'''
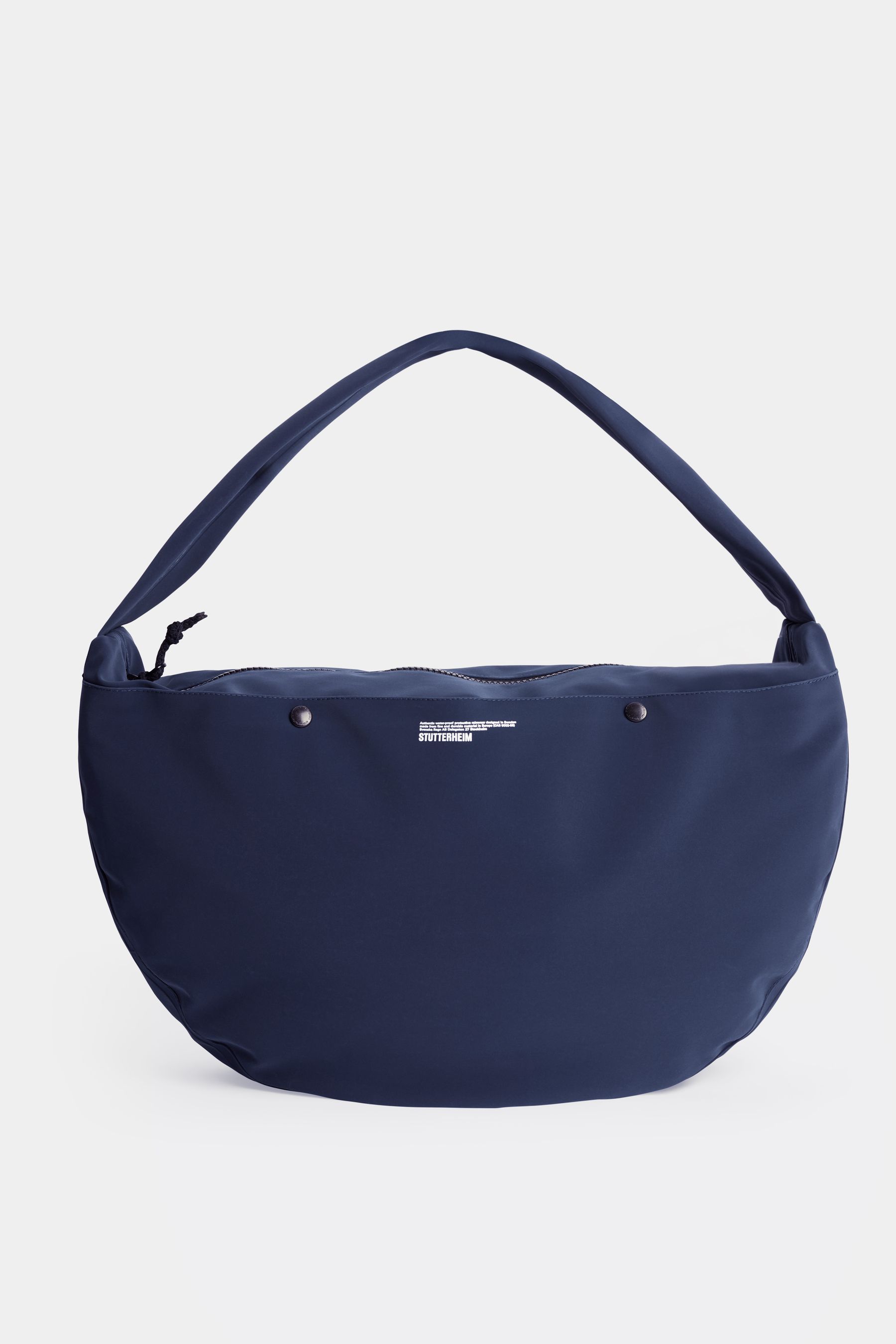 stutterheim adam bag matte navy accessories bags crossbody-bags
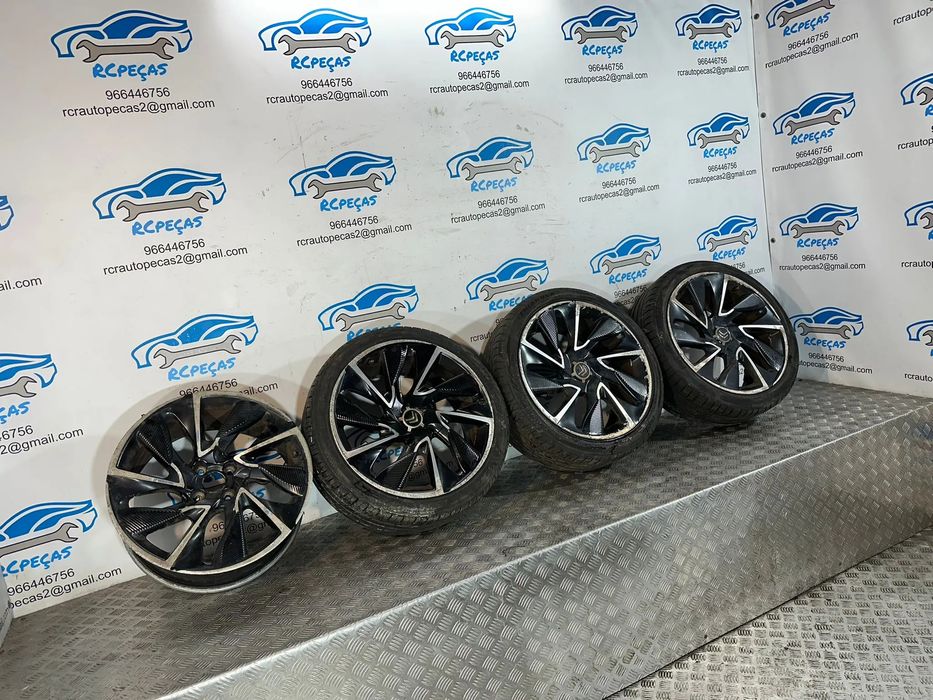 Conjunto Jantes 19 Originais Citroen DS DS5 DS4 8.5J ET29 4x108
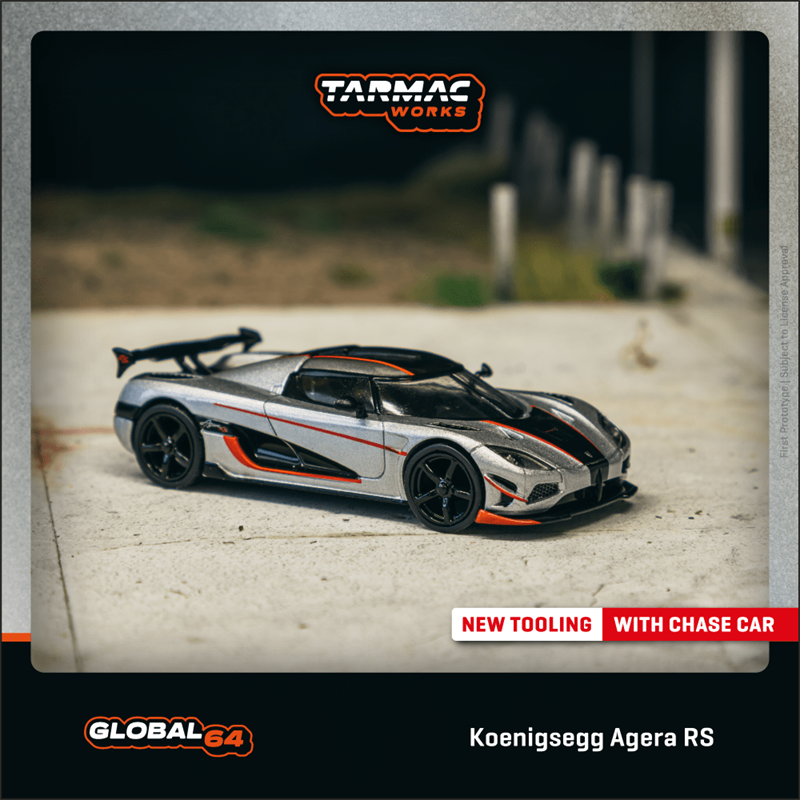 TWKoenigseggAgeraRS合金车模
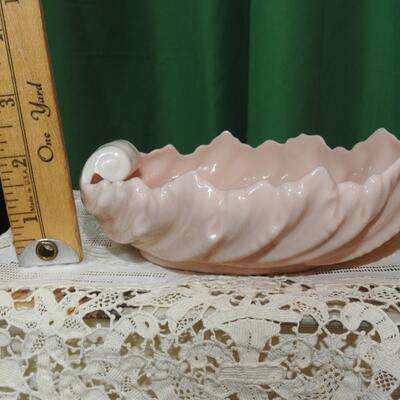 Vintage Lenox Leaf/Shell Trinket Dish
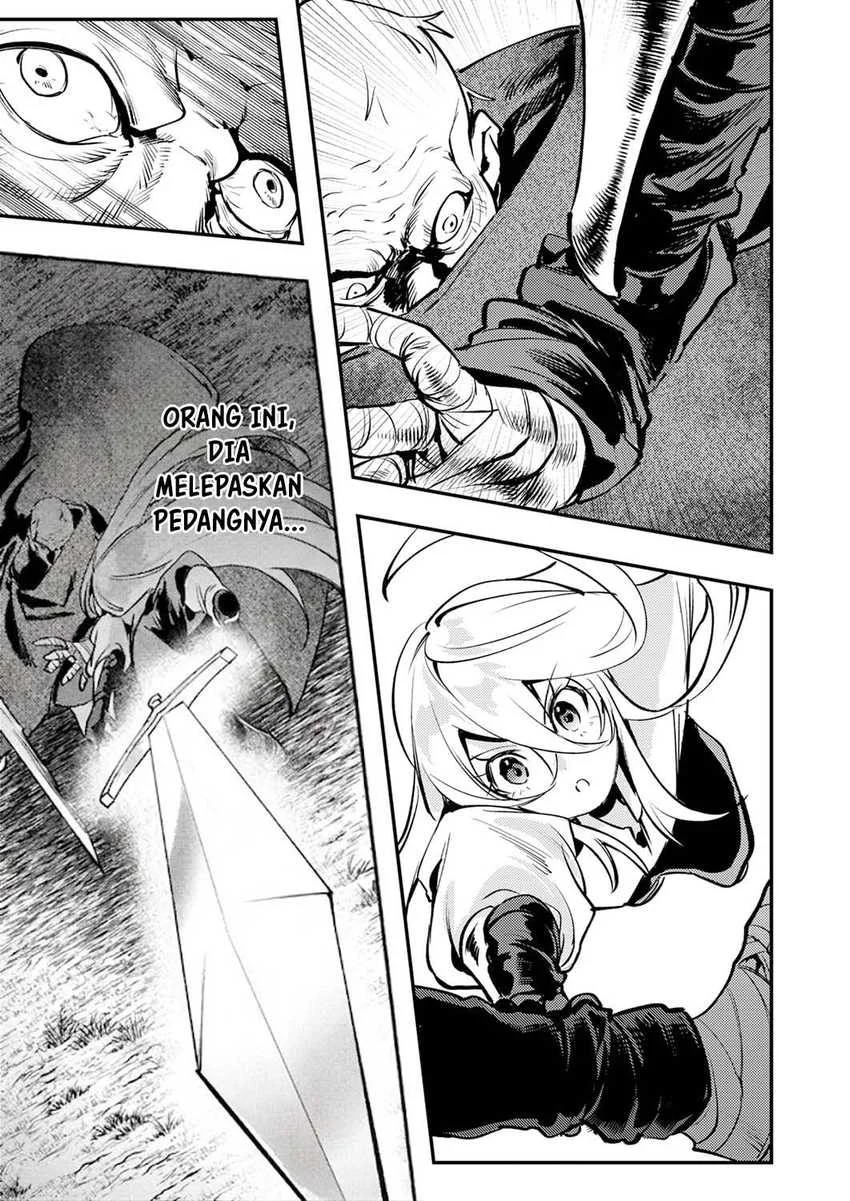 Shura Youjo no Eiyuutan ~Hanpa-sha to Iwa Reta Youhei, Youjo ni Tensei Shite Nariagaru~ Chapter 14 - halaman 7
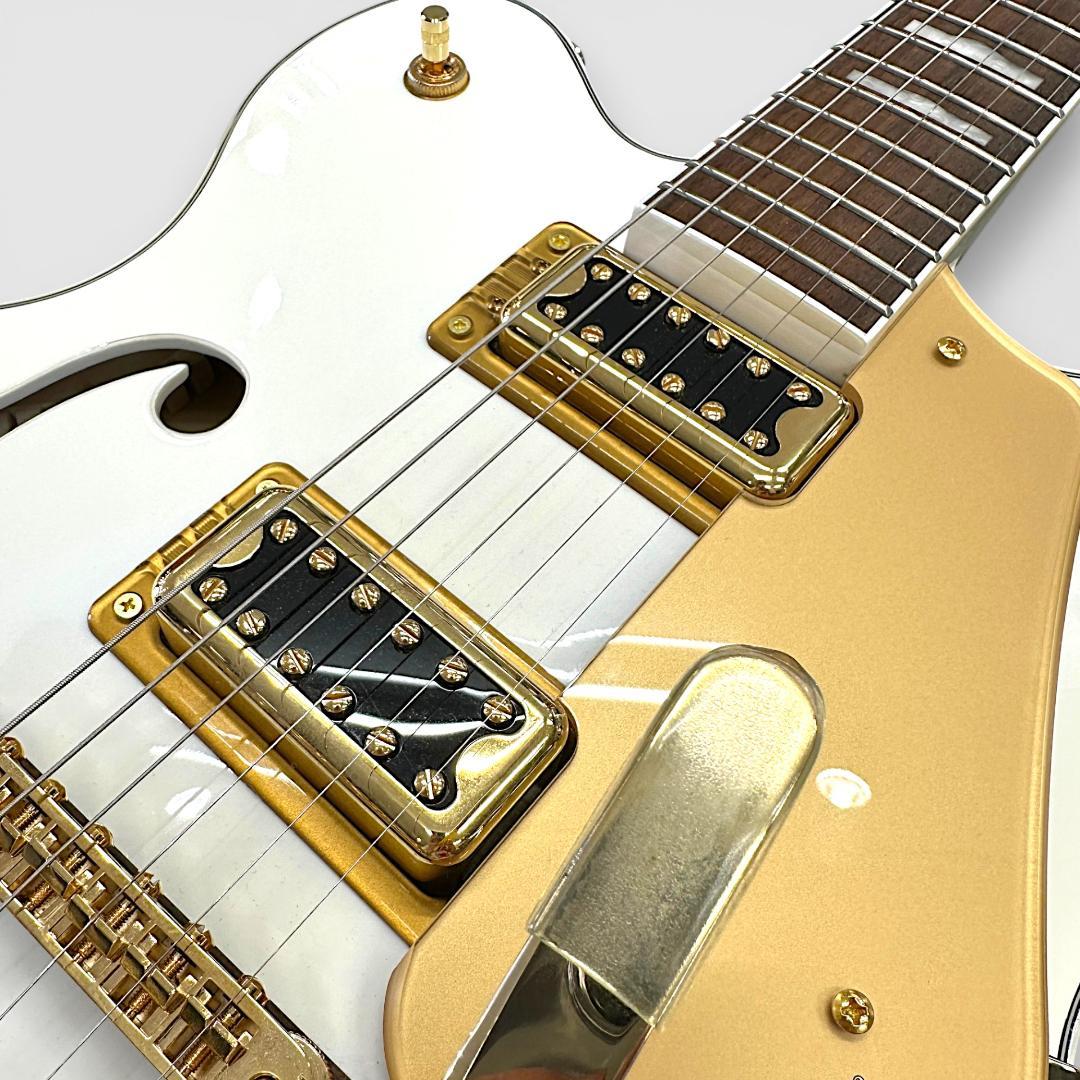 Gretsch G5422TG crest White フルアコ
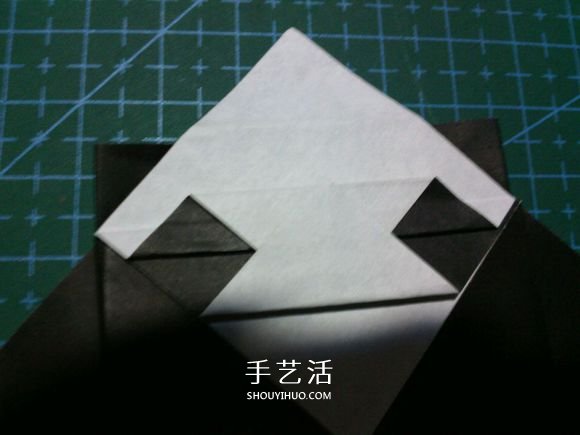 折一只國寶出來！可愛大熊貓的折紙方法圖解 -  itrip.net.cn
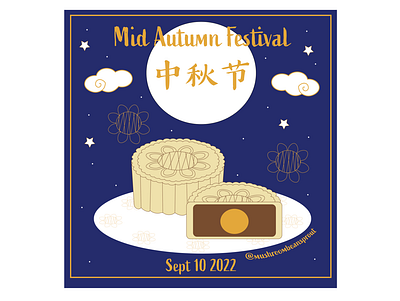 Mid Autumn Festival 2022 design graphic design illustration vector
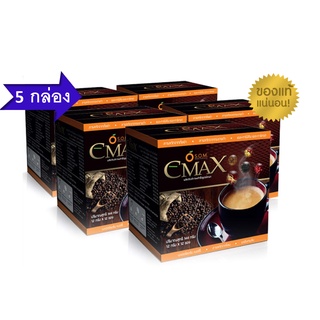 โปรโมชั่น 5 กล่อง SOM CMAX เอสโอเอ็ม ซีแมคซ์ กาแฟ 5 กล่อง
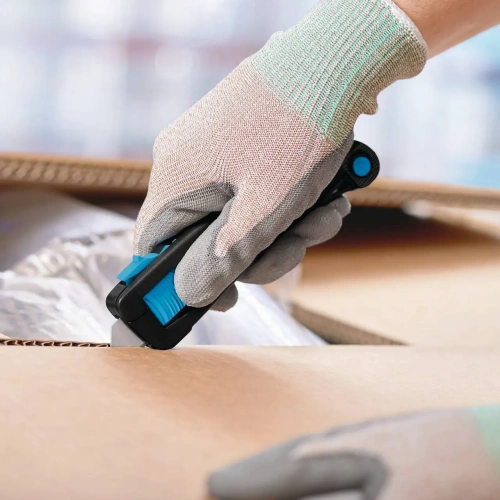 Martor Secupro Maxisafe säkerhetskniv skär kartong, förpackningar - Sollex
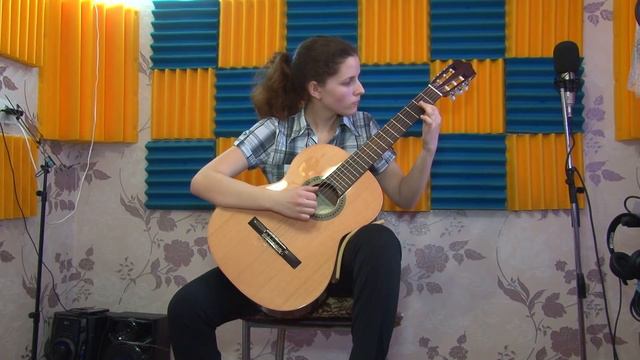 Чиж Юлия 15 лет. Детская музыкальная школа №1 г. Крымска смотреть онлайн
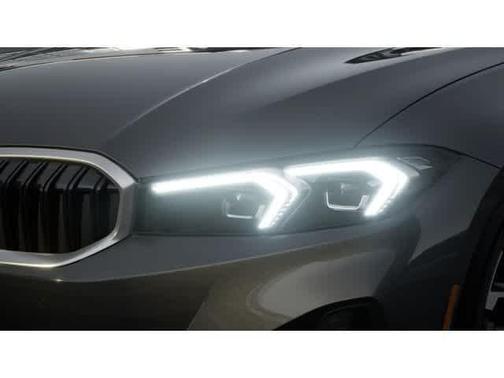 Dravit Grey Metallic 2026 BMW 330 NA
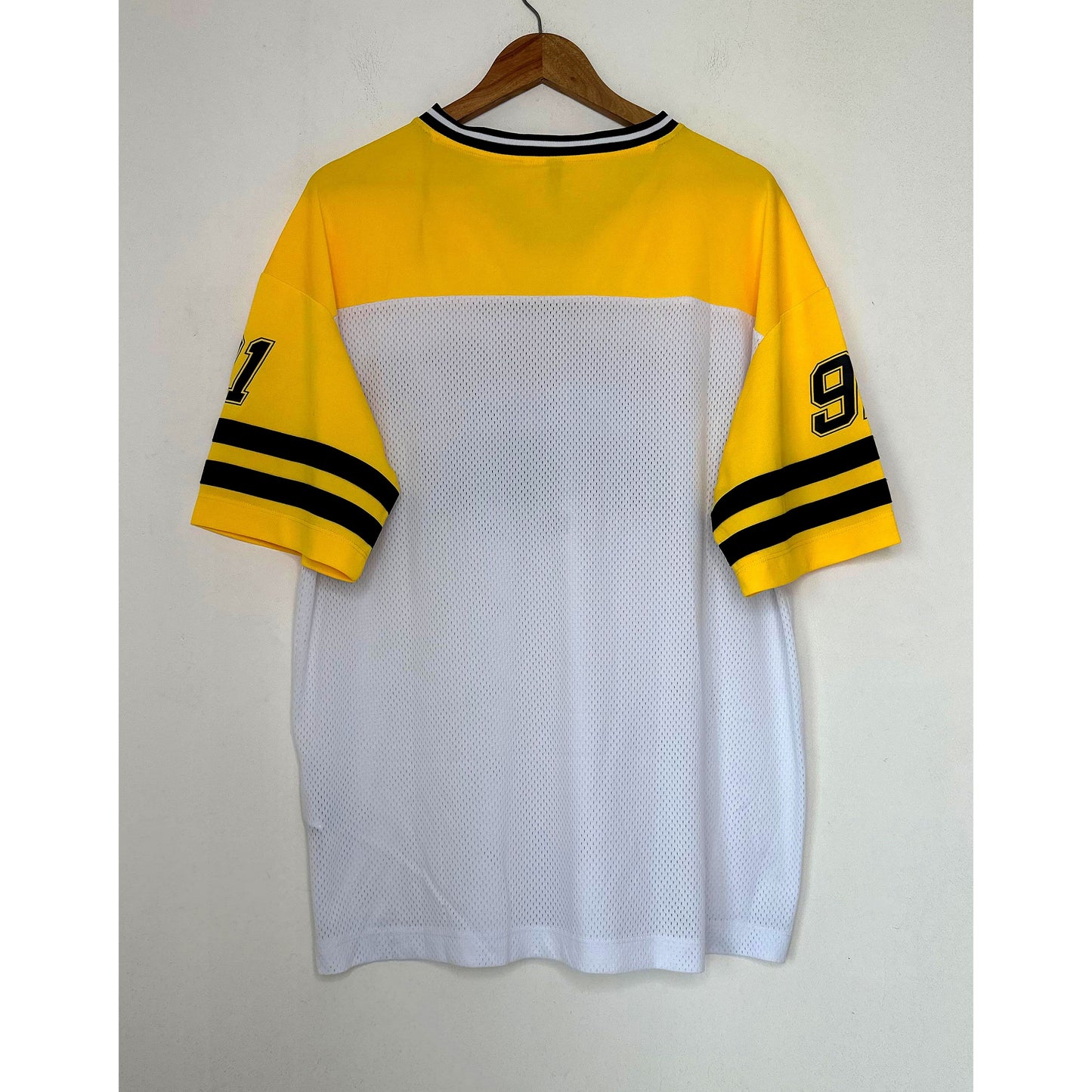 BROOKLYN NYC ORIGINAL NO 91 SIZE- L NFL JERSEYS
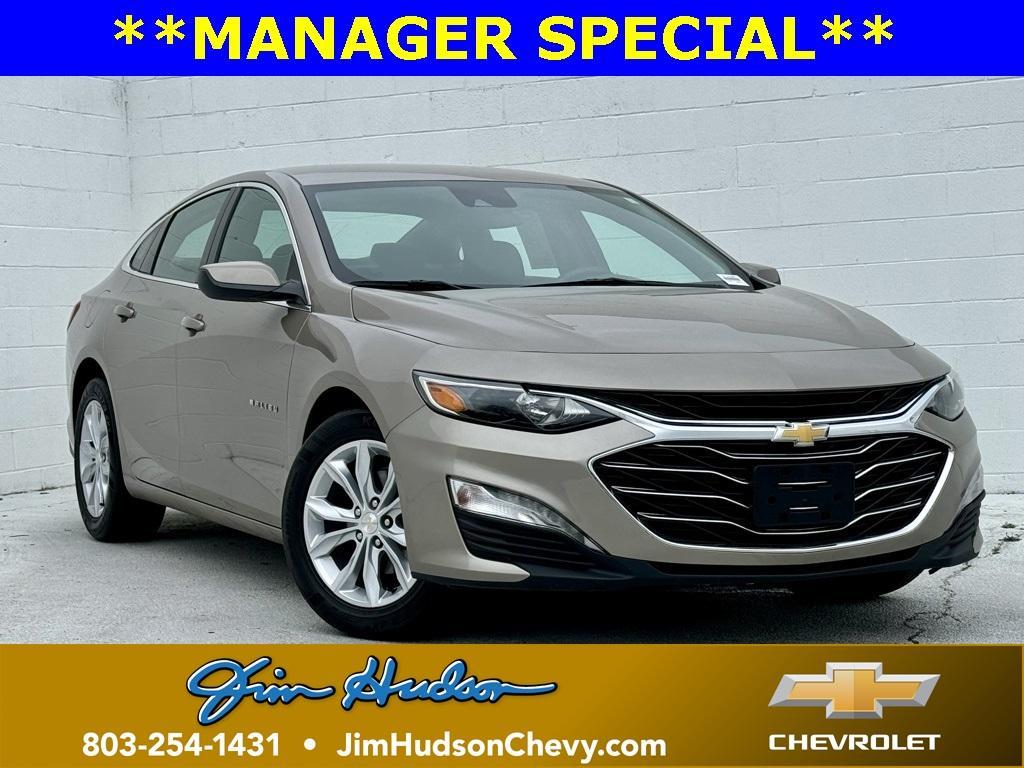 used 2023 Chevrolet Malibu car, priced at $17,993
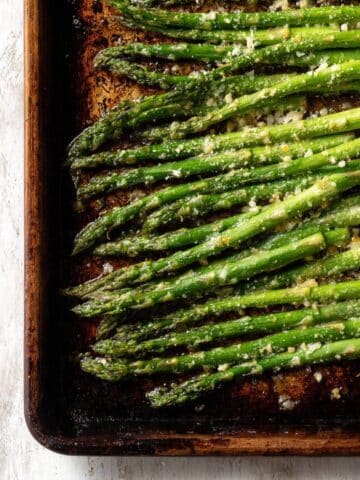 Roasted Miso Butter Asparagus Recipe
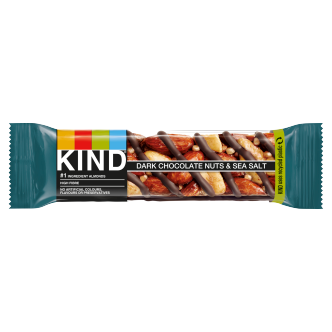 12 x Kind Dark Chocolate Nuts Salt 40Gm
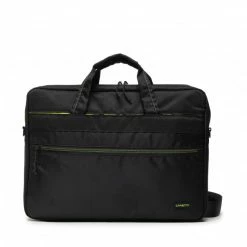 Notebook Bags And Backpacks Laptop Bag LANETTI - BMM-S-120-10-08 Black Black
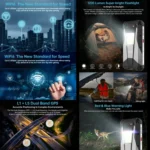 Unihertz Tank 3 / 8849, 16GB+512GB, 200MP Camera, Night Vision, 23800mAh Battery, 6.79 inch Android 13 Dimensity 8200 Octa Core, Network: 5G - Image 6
'''
◆ **WHAT THE TASK REQUIRES**
Transcribe every entry word for word, excluding images.

◆ **EXERCISE SOLUTION**
 stutterheim adam bag matte navy accessories bags crossbody-bags
 Conjunto Jantes 19 Originais Citroen DS DS5 DS4 8.5J ET29 4x108
 TWKoenigseggAgeraRS合金车模
 Vintage Lenox Leaf/Shell Trinket Dish
 Shura Youjo no Eiyuutan ~Hanpa-sha to Iwa Reta Youhei, Youjo ni Tensei Shite Nariagaru~ Chapter 14 - halaman 7
 Gretsch G5422TG crest White フルアコ
 折一只國寶出來！可愛大熊貓的折紙方法圖解 -  itrip.net.cn
 Mid Autumn Festival 2022 design graphic design illustration vector
 โปรโมชั่น 5 กล่อง SOM CMAX เอสโอเอ็ม ซีแมคซ์ กาแฟ 5 กล่อง
 Martor Secupro Maxisafe säkerhetskniv skär kartong, förpackningar - Sollex
 Чиж Юлия 15 лет. Детская музыкальная школа №1 г. Крымска смотреть онлайн
 Dravit Grey Metallic 2026 BMW 330 NA
 BROOKLYN NYC ORIGINAL NO 91 SIZE- L NFL JERSEYS
 used 2023 Chevrolet Malibu car, priced at $17,993
 Roasted Miso Butter Asparagus Recipe
 12 x Kind Dark Chocolate Nuts Salt 40Gm
 Notebook Bags And Backpacks Laptop Bag LANETTI - BMM-S-120-10-08 Black Black
 Unihertz Tank 3 / 8849, 16GB+512GB, 200MP Camera, Night Vision, 23800mAh Battery, 6.79 inch Android 13 Dimensity 8200 Octa Core, Network: 5G - Image 6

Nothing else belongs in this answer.